Would you mind restating all of the records word for word, skipping the pictures?

· · · · · · ·

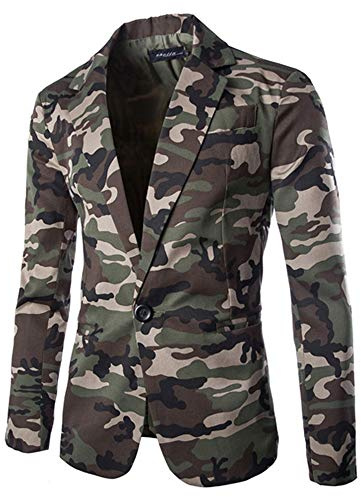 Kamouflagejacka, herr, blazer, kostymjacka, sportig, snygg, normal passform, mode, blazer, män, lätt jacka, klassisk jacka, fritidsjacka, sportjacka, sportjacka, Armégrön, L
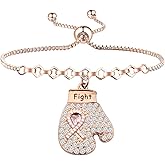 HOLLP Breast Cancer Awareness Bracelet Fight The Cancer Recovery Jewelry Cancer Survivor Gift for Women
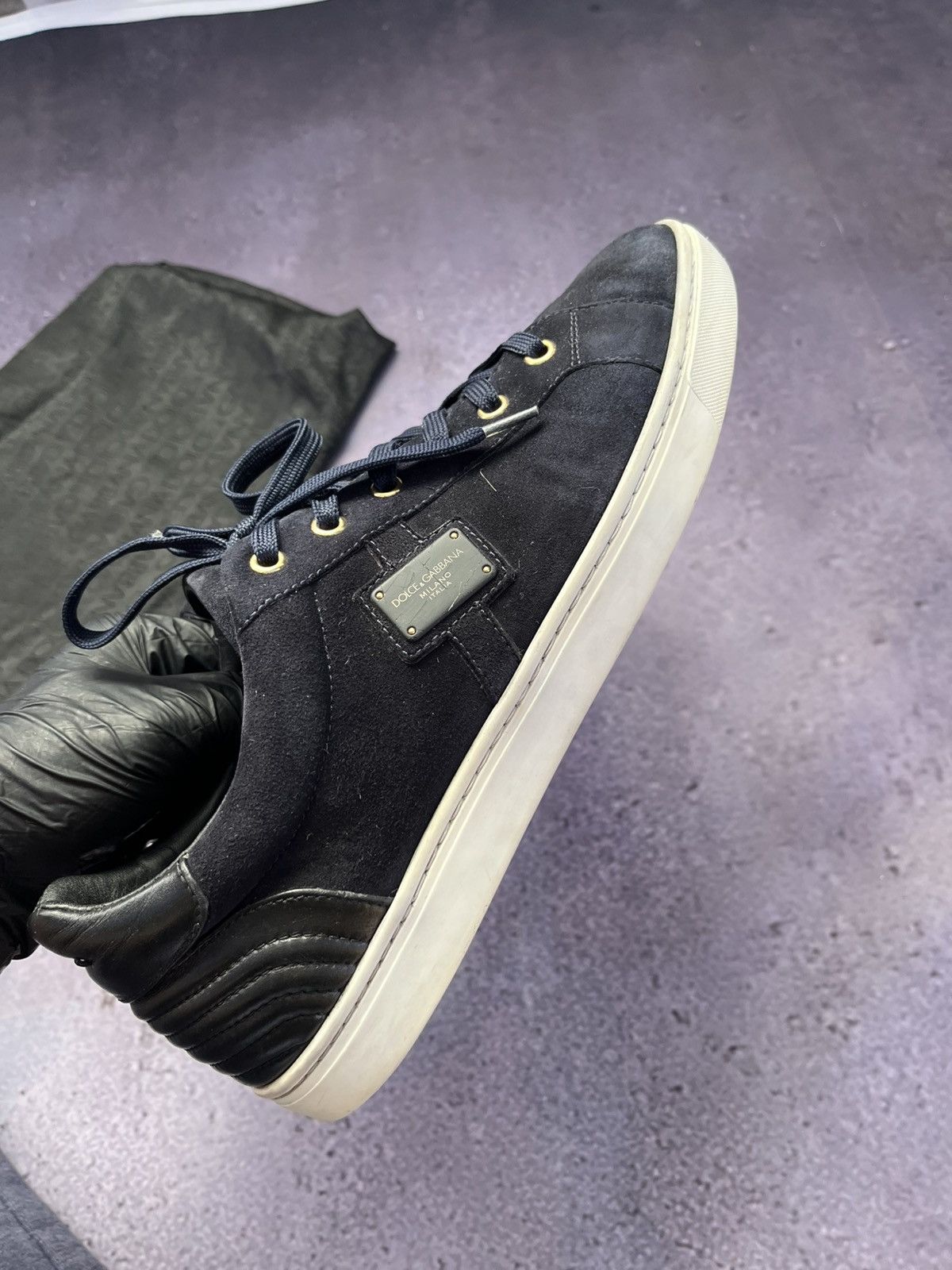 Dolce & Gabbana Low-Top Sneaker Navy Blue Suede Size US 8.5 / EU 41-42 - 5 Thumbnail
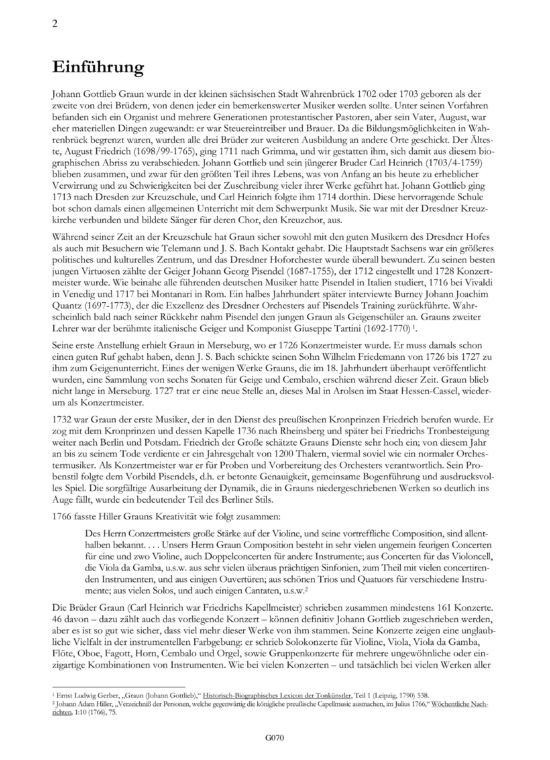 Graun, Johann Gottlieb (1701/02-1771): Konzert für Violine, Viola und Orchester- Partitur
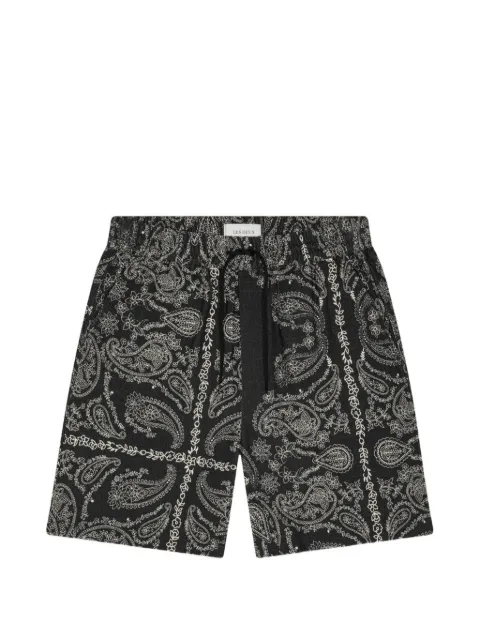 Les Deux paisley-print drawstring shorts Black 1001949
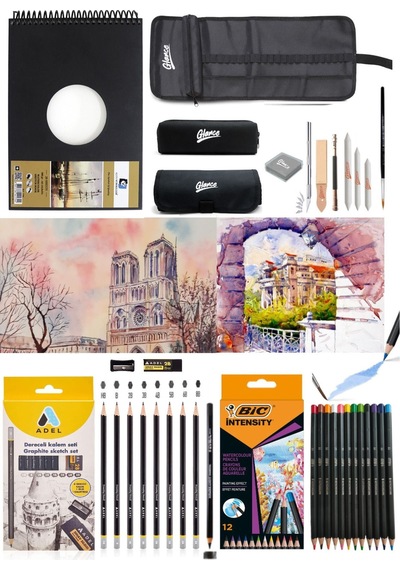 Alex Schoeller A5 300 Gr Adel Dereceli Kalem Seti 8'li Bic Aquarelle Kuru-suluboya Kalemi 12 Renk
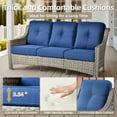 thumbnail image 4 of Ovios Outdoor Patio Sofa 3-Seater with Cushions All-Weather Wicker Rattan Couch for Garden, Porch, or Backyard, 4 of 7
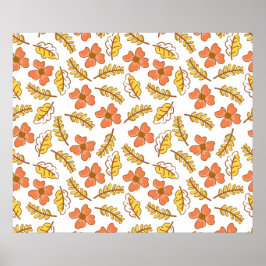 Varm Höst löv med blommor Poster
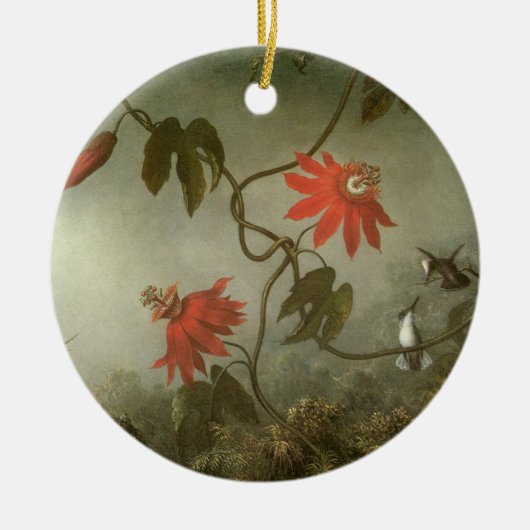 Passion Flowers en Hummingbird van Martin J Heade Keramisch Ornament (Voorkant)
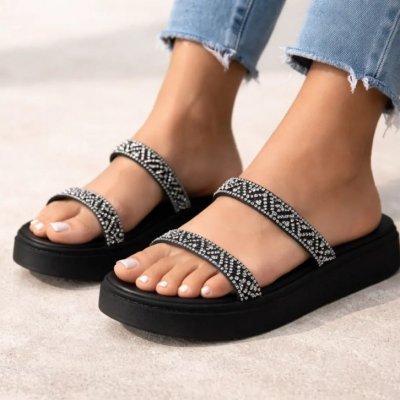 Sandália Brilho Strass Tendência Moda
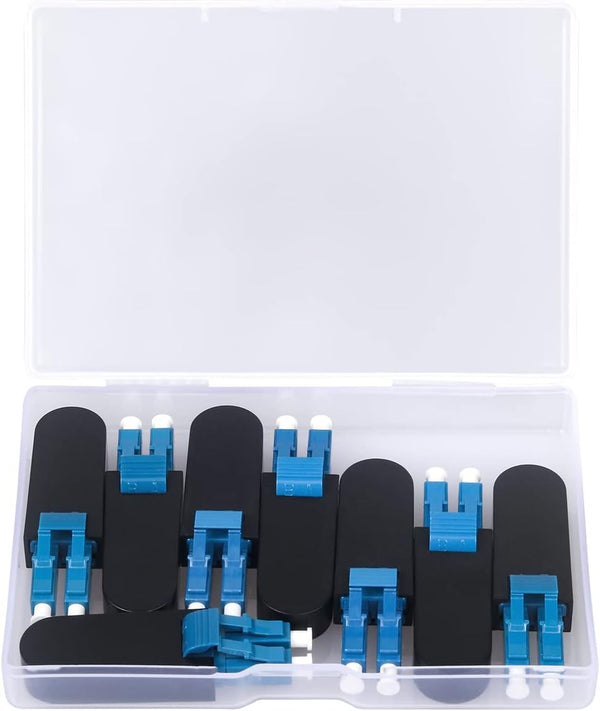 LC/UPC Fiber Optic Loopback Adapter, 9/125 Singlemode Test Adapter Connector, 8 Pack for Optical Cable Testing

· · · · · · ·

__Result below__:
 Kamouflagejacka, herr, blazer, kostymjacka, sportig, snygg, normal passform, mode, blazer, män, lätt jacka, klassisk jacka, fritidsjacka, sportjacka, sportjacka, Armégrön, L
 HOLLP Breast Cancer Awareness Bracelet Fight The Cancer Recovery Jewelry Cancer Survivor Gift for Women
 Dolce & Gabbana Low-Top Sneaker Navy Blue Suede Size US 8.5 / EU 41-42 - 5 Thumbnail
 Graun, Johann Gottlieb (1701/02-1771): Konzert für Violine, Viola und Orchester- Partitur
 Les Deux paisley-print drawstring shorts Black 1001949
 Alex Schoeller A5 300 Gr Adel Dereceli Kalem Seti 8'li Bic Aquarelle Kuru-suluboya Kalemi 12 Renk
 thumbnail image 4 of Ovios Outdoor Patio Sofa 3-Seater with Cushions All-Weather Wicker Rattan Couch for Garden, Porch, or Backyard, 4 of 7
 Varm Höst löv med blommor Poster
 Passion Flowers en Hummingbird van Martin J Heade Keramisch Ornament (Voorkant)
 Sandália Brilho Strass Tendência Moda
 LC/UPC Fiber Optic Loopback Adapter, 9/125 Singlemode Test Adapter Connector, 8 Pack for Optical Cable Testing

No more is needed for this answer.